My sister-in-law’s church held Vacation Bible School last June and she was in charge of refreshments. In the past, people brought brownies and stuff, and the adults stood around in the kitchen, talking and drinking coffee. When it was time, someone took the food to the classrooms.
This time, the kids came down to the kitchen to make their own snacks. The snacks corresponded to the lesson, so they were a teachable moment. The adults, however, were upset because they didn’t get to continue their tradition of being together and drinking coffee in the kitchen. They had forgotten that VBS is supposed to be about ministering to the kids, not the desires of the adults.
I thought that is a perfect picture of many churches today. They continue in the same ways of “doing church” that they had in the middle of the last century. As the culture around them has changed, they have remained stuck in the past and either been unable or unwilling to change.

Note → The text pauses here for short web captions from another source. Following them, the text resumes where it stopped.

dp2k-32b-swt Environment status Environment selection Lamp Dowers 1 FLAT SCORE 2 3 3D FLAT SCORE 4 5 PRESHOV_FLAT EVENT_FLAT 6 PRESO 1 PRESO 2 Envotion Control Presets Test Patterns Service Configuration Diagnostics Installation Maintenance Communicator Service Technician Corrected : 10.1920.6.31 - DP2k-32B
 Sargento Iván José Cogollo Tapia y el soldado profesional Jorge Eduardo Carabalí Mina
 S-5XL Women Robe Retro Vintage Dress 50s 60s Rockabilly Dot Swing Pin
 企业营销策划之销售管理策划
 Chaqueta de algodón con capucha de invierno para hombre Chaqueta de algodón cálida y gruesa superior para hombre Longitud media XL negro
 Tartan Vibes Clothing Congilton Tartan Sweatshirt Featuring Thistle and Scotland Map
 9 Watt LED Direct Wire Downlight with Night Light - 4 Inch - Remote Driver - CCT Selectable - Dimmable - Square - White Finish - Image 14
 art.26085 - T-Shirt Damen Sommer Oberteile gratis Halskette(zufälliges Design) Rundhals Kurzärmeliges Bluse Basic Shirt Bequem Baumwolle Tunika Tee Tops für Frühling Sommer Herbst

It’s so easy for us to stick with what is comfortable, what has worked in the past. I have heard many times, “Why can’t we just go back to what we did when the church was growing back in the 1980s?” The problem is that what worked in the past does not work today. Yes, there are pockets around the country where some of the old things work, but for the most part, it is a new world. What worked in a culture that had at least a memory of Christianity will not work in a culture that has no idea.
We need to fulfill Jesus’ command to go out and make disciples in the twenty first century. To do this, we need ways that fit today, not yesterday. As missionaries study the culture they are going into, we need to study this culture and give the gospel in a way that is relevant.
Like the VBS adults, we need to remember that we are to be about ministering to others, not ensuring our comfort and benefit.